Like several other small Gulf states, Qatar hopes to become a global trading and financial hub. The idea is to sell Doha as a base from which international companies can penetrate multiple markets in the Middle East North Africa region, Asia, and sub-Saharan Africa. This sales pitch has attracted big names such as UBS, which just signed a memorandum of understanding with Qatar’s investment promotion agency to set up significant wealth management operations in Doha.
But the country is also trying to nurture its own entrepreneurs. In 2017, Qatari financial institutions embarked on a strategic fintech plan bringing together the central bank, commercial banks, telecom operators, insurance companies and other stakeholders to foster innovation.

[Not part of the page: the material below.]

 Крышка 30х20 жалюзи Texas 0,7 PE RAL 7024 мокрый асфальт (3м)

Three years later, the first cohort of about 30 fintech startups specializing in payment solutions has made it through the initial selection process and entered the acceleration program.

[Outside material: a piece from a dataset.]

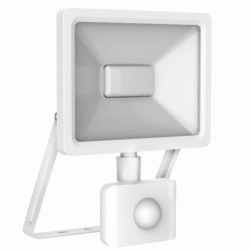 Προβολέας led λευκός Enjoy με ανιχνευτή κίνησης 20W 230V 3000k θερμό λευκό φως 1800lm στεγανός IP65 Προβολέας led λευκός Enjoy με ανιχνευτή κίνησης 20W 230V 3000k θερμό λευκό φως 1800lm στεγανός IP65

“Despite Covid-19, about 700 fintech companies across many geographies sent an application,” says Henk Hoogendoorn, managing director of financial sector at the Qatar Financial Centre Authority. “We don’t say, ‘The doors are wide open. Come here and good luck.’ We pick specific segments like payments, Islamic fintech, alternative financing or insurtech, and only help bring to the market companies we truly believe have a chance of succeeding.”
And while other countries are struggling to keep funding innovation in times of looming recession, Qatar is still able to provide. “Access to capital, getting funding or equity is less of an issue here than elsewhere,” adds Hoogendoorn. “There is a lot of appetite from family offices, local investors and sovereign wealth funds to invest in financial tech.”
Strong Financial Sector
Qatar can also rely on a strong financial sector to support innovation. Banks’ total assets equal more than double Qatar’s GDP, according to Fitch Ratings; and despite the pandemic, local lenders stand strong. The financial sector is actually better shielded than it was in the 2008 financial crisis thanks to stronger capitalizations, wider use of digital solutions and the role banks play in transferring money from the government to distressed companies. “Covid-19 has been an accelerator for fintech in Qatar, with its ambition to have a cashless FIFA World Cup Qatar 2022 and to focus on financial inclusion,” comments Hoogendoorn.
Two weaknesses remain, however: high exposure to an oversupplied real estate market and heavy reliance on nonresident assets. According to recent figures published by international ratings agency Fitch, nondomestic funding (mostly Asian) accounts for about 40% of total bank assets and 25% of deposits. In the current context, there is a fear those depositors and investors might wish to cash out, thereby putting pressure on the liquidity and margins of Qatari banks.
The government is put to the test: Can it protect local banks’ asset quality in case of a liquidity crisis? The answer is probably yes. The authorities should be easily able to replace the missing deposits, as they did when the embargo imposed in 2017 pushed many Gulf Cooperation Council clients to withdraw their money.
The country’s massive sovereign wealth fund—the numbers and performance of which are not publicly disclosed—and vast assets abroad provide a shield against any type of shock. “Everyone was skeptical about how Qatar would perform; but after three years of blockade, and now a pandemic, you can rightly claim that Qatar did well, proved to be resilient and can still grow and achieve,” says Hafez.
The next big test for the tiny emirate will be the 2022 World Cup. Provided Covid-19 allows it, Qatar is convinced it can deliver.